Playing with Amazon’s Shopping Queries Dataset. Part I

Andrew Kornilov
4 min readJun 8, 2023

--

Recently Amazon published an awesome Shopping Queries Dataset and someone extended it with Extra product metadata. So, I decided to play with it out of pure curiosity, applying to it whatever will come to my mind (therefore, at the time of writing these lines, I have no idea what the final result would be. It gonna be a series of pure experiments).
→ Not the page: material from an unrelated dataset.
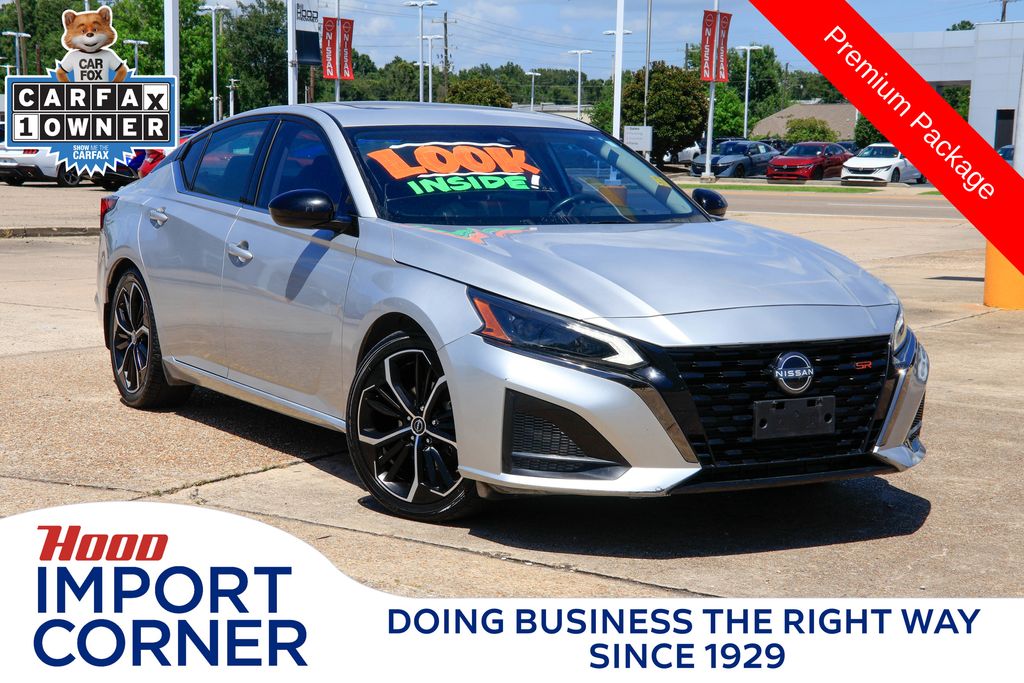 Brilliant Silver Metallic 2023 Nissan Altima Sedan Front-Wheel Drive Continuously Variable Transmission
© https://www.kinderspel.net/nl/soft-blokken-alternatief-voor-lego.html

The dataset contains data in 3 languages. But, to make it simpler, I will use only products in English (Amazon managed to “invent” an imaginary locale “us” for it). I will play with the data from Extra product metadata (so, it’s possible to use images too).

0. “Pre-cook” the data

For the sake of reproducibility, I’ll try to make sure we all use the same data and mention the md5 hash of the initial file with the dataset.

md5sum esci.json
985941335fdbdc8f579fff66ec17e7cd esci.json

The data is provided in ndjson format, which is actually a file, where each line is a valid JSON object (so, we can process it line-by-line — a huge benefit for us).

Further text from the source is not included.